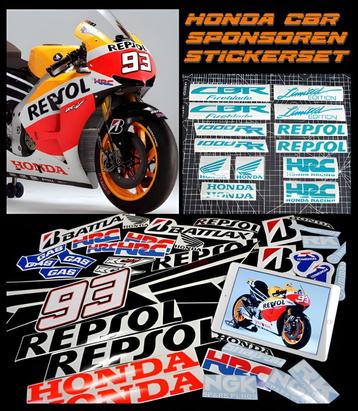 Honda CBR sponsoren sticker set 15 stickers €2.65p/s beschikbaar voor biedingen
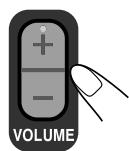 JVC RD-HA3W - Ajustement du volume - 1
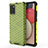 Custodia Silicone Trasparente Laterale 360 Gradi Cover AM1 per Samsung Galaxy A02s Verde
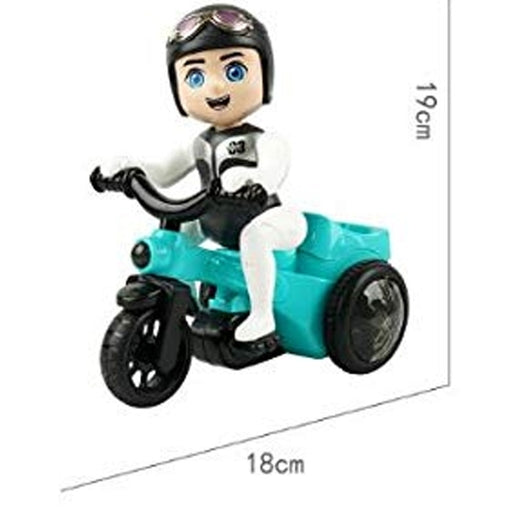 Toddler Toy 60 Degree Rotating Musical Tricycle Toy with Flashing Light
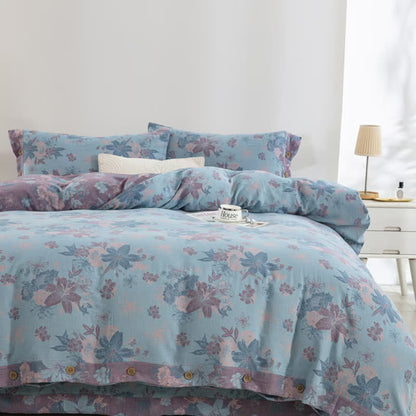 Lily Baumwollgaze-Jacquard-Bettwäscheset (4-teilig)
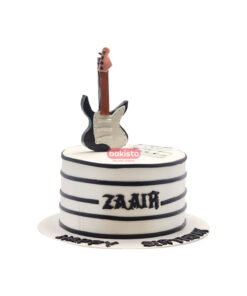 guitar cake, online cake delivery in lahore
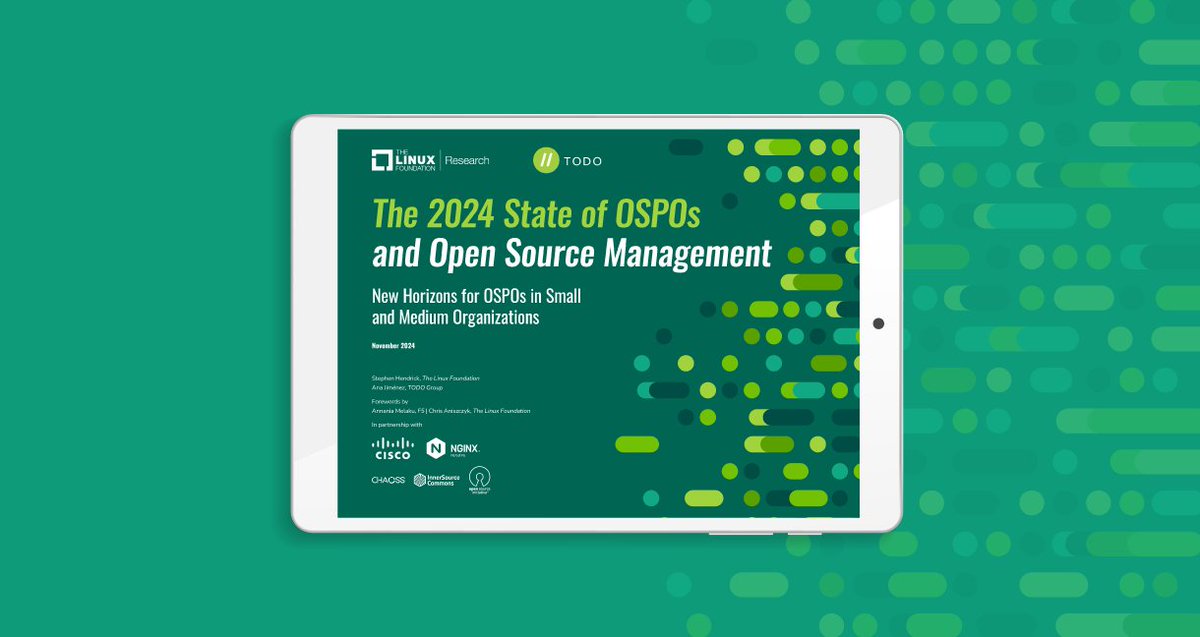linuxfoundation's tweet image. Are you curious about how OSPOs help organizations manage open source? 🚀 Check out the TODO Group's 2024 #OSPO 7th annual study for key insights and trends. 

Read it here: hubs.la/Q02Y-rWB0

#OpenSource #LinuxFoundation #TODOGroup #LFResearch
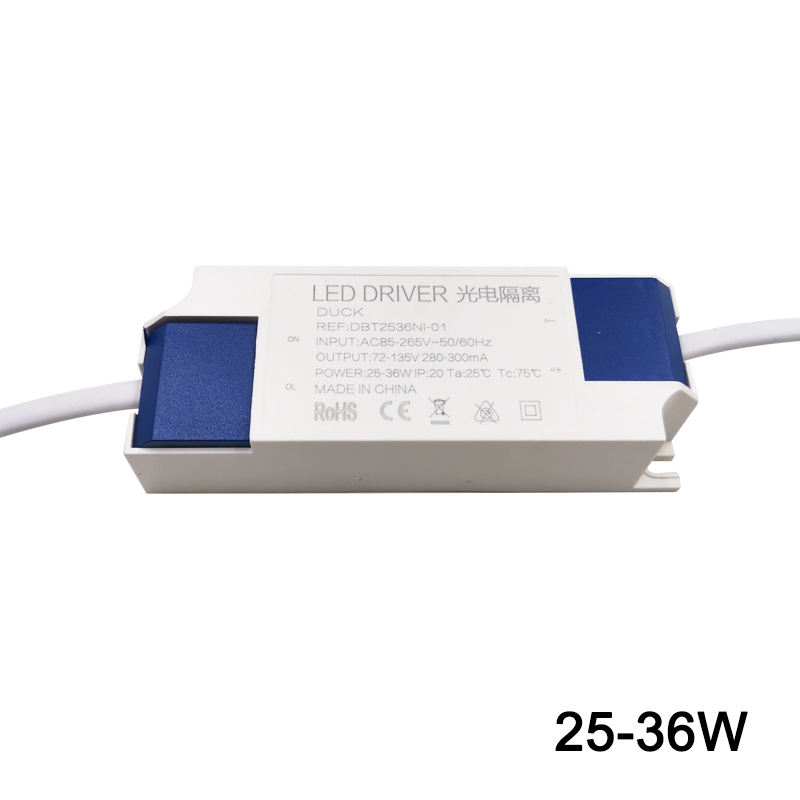 Driver con guscio in plastica led corrente prezzo all'ingrosso led driver Alimentatore DC 12v led driver 300mA convertitore 220 12 Adattatore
= = = = =
### WORK TO BE COMPLETED
Go to the line above that contains "Toddler Toy 60" and reproduce everything exactly from there through the line that contains "Read it here: hubs.la/Q02Y-rWB0", leaving out the pictures.

### TASK ANSWER
 Toddler Toy 60 Degree Rotating Musical Tricycle Toy with Flashing Light
 Lily Baumwollgaze-Jacquard-Bettwäscheset (4-teilig)
 guitar cake, online cake delivery in lahore
linuxfoundation's tweet image. Are you curious about how OSPOs help organizations manage open source? 🚀 Check out the TODO Group's 2024 #OSPO 7th annual study for key insights and trends. 

Read it here: hubs.la/Q02Y-rWB0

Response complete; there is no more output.